That's a difficult question. That's like saying, "What is love?" Love can be many things to different people!
But put simply, Alteryx is a tool that will allow you to increase the efficiency of your data handling. Cleaning that we used to perform solely in Excel can be automated in Alteryx. Think of it as macro record but on a whole different scale.
Alteryx has built-in function that replicate the same cleaning we do for data and it's so easy to learn! In fact, in all honesty, at the time of this writing and filming I had only been using it for less than 3 weeks! That's how easy it is to learn!
In this video you'll see a very quick demonstration of how Alteryx can replace what we do in excel and it's so easy anybody can do it! Enjoy!
Every analysis in Alteryx is generally made up of 3 parts.
Input - The data that you bring in for analysis, manipulation or transfer
Analysis - the actions and functions you perform on the data to convert it from one thing to another. I.e. making the data useful rather than just raw data.
Output - to get it out of Alteryx and into another form such as a PDF form, a HYPER data set for Tableau, CSV outputs, etc.
Before we go further I think it's always good to teach people how to help themselves. Alteryx in my opinion has some of the best Help functions and documentation I've seen across any software. It's great because it will actually show you a working example you can look into and see what it's actually doing.
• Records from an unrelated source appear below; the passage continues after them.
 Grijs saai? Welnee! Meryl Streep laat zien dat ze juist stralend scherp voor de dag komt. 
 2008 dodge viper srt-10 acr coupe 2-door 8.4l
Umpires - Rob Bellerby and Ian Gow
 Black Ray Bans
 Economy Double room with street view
After this we'll get into filtering which is one of the most common things you'll be doing in order to separate the data to get what you need. The version I show here is the simplest method but filtering can be very comprehensive and can do much more than you see here!
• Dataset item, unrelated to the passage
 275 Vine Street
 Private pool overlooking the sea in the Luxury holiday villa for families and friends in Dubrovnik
Formulas are another common function you'll be using. Calculations in Alteryx work differently from Excel in that a single equation is automatically applied to all data in the set. In Excel you have to create the calculation followed by extended it downwards to your whole set.
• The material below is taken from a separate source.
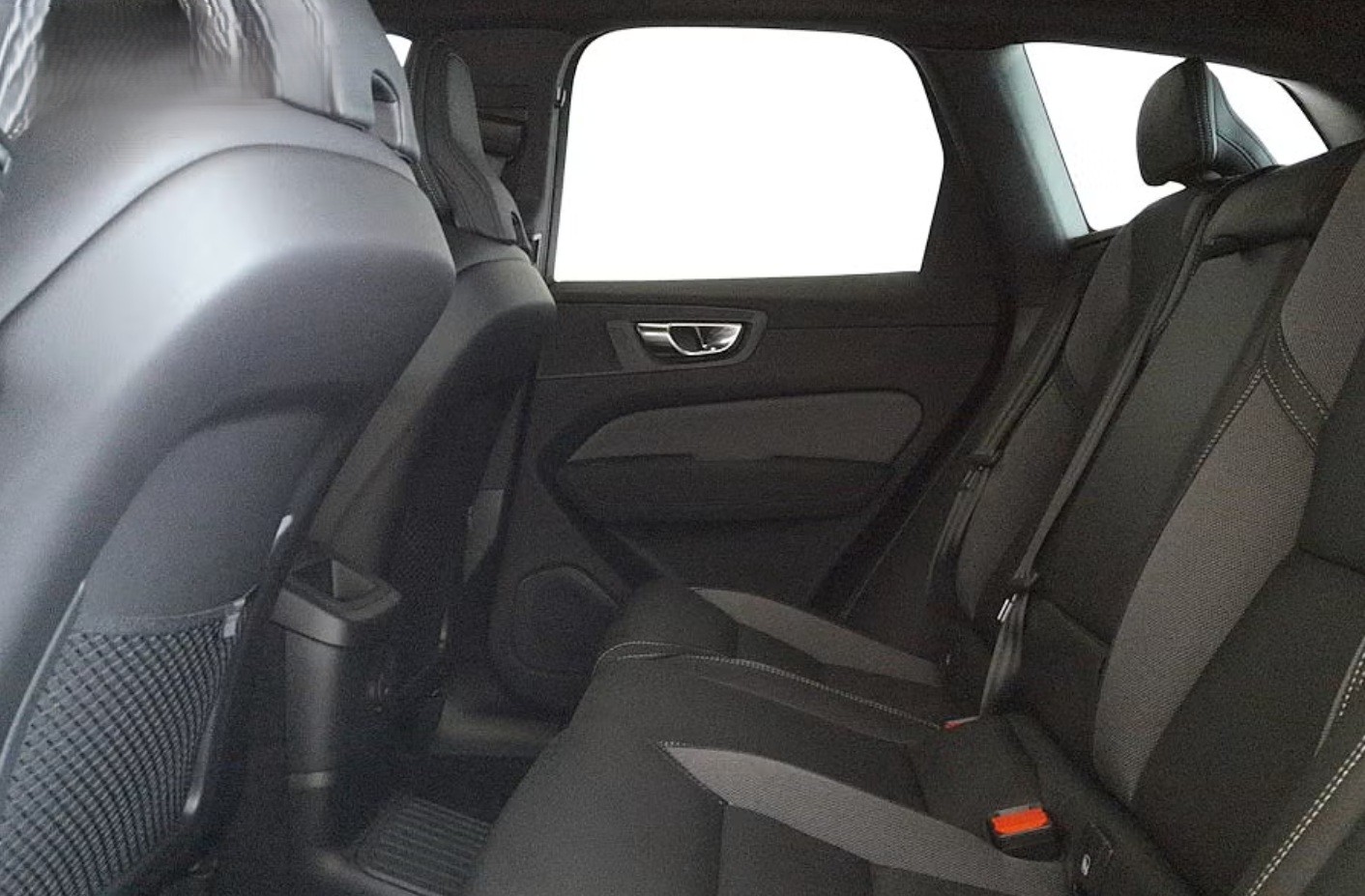 VOLVO XC60 T6 eAWD PluginHybrid Plus Dark Geartronic-image-14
Sampling is the next thing I'll show you which is a great way of limiting your data temporarily. In my case, we deal with large data sets and during a build you don't want to include everything as it hinders performance. So instead we take a small sample first during the prototype.
Sorting is pretty self explanatory. Basically, it sorts your information highest to lowest or alphabetically depending on the data set type.
If you have a large data of let's say, Sales data across regions. You'll most likely want to know what the total sales are for the region. To do this you will use the summarize tool which sum's up all the information and groups them in the format you need.
Summarizing or Aggregating as it's sometimes known does more than sum. You can find the average, minimum or maximum value, count the number of entries or go even further and do statistical calculations.
I love this feature. The idea is that you can find several values and replace them with something else. This is very useful in data cleansing where inconsistencies are present. For example, referring to the same thing using different names such as U.S.A and United States of America.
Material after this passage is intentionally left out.